Did you pick the numbers 11-13-25-39-54 — Powerball: 19 — in last night’s \$500 million Powerball lottery drawing?

If so, congratulations: This was the fifth-largest prize in U.S. history. Even if you split the jackpot, you likely just won millions of dollars — and, incidentally, bought your ticket in North Carolina, Puerto Rico or Texas, as Powerball reported. Close your browser and go redeem your ticket. You do not need to finish this article — or ever read again.

But in the likely event you did not choose 11-13-25-39-54 — Powerball: 19 — you may need to brush up on your game. Here are some things to remember when gaming semi-responsibly:

1. It’s a game.

A lottery is not an investment opportunity.

“Lottery games are just that — games,” reads Powerball’s Web site. “Lottery games are designed to be enjoyable entertainment for adults, and for the vast majority of lottery players, that’s exactly what they are. … Never spend more than you can afford on any lottery product.”

What a bummer.

2. Wait until the jackpot is at least \$350 million.

“If you don’t have a ticket, your chances of winning are zero,” Idaho lottery director — and part-time wit — Jeff Anderson told the Associated Press. But how likely are you to win if you buy a ticket?

Your chance of winning the Powerball grand prize is about 1 in 175 million. As the Los Angeles Times put it: “A person is more likely to have an 11th toe, die from flesh-eating bacteria or be killed by an asteroid or shark attack.” But if the prize is big enough, the low chances of hitting the Powerball doesn’t mean playing it is stupid.

Since tickets cost \$2, the prize pool has to be at least (\$2 x 175 million = ) \$350 million before buying a Powerball ticket is what gamblers call a positive-expectation play — a bet that, statistically, will pay more than \$1 for each \$1 played.

Of course, the chance that you will split the jackpot complicates this math.
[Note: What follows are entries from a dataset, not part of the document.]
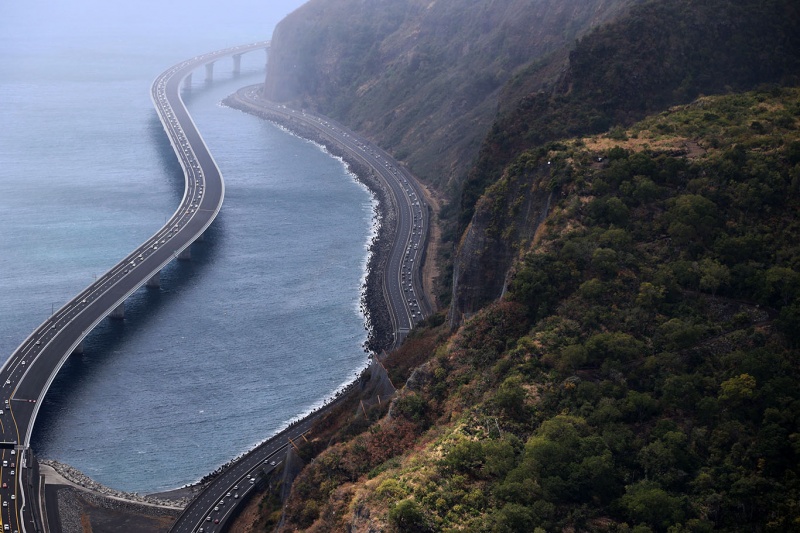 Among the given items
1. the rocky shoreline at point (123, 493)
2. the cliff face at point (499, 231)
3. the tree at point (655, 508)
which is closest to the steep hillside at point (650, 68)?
the cliff face at point (499, 231)

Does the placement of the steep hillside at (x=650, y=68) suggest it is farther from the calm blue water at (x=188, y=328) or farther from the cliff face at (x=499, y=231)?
the calm blue water at (x=188, y=328)

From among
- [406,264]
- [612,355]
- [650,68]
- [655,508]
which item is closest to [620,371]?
[612,355]

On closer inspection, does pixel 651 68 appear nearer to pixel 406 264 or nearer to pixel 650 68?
pixel 650 68

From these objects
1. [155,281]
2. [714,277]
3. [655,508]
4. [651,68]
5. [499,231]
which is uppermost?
[651,68]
So, to have a better chance of not splitting the jackpot:

3. Don’t play the numbers everyone else is playing.

“Aside from waiting until it gets big enough, you want to reduce your chances of splitting the jackpot,” Matt Matros, a professional poker player who occasionally beats professional pundits in Washington Post election-prediction contests, wrote in an e-mail. “So that means, don’t play popular numbers.”

What are popular numbers? Birthdays.

“Don’t play numbers 31 or smaller,” Matros wrote. And that’s not all — some say people favor numbers based on where they are on the card hopeful players fill out and give to disinterested cashiers.

“Don’t pick the number one,” Scientific American advised in 2012 in an article about picking profitable lotteries partly based on this study by Emory University math professors. “It’s on about 15 percent of all tickets. Similarly, avoid lucky numbers 7, 13, 23, 32, 42, and 48. Better are 26, 34, 44, 45, and especially overlooked number 46.”

So — if the Powerball’s prize gets big enough and it makes statistical sense to play, does it make sense to buy as many tickets as you can?

Not really — because though you might be a favorite to win given infinite time and an infinite bankroll, you do not have infinite time and an infinite bankroll. If you spend your life savings on lottery tickets and lose, you’re done, even if you’re Warren Buffett or Bill Gates. That’s the price of what gamblers call “variance” — more or less, inconsistency.

“You would need many, many lifetimes to expect to make money playing the lottery,” Matros wrote. “Yes, it’s plus-EV” — that’s “expected value” — “but there would be some huge likelihood of being a loser playing even the plus-EV spots for 30 years or whatever.”

5. If you win, take the annuity.

Somewhat sneakily, the “\$500 million Powerball” is only worth \$500 million if you take 30 payments over 29 years. This is because the annuity payment includes interest. Lump-sum payments are appreciably smaller — in the case of Wednesday’s drawing, a measly \$337.8 million.

Depending on your financial situation, that measly \$337.8 million might be quite a line item on your tax return. Taking a smaller amount year-by-year might mean less of your winnings go to the IRS. So unless you want to bankroll the next James Bond movie, get paid slower and start looking for deductions.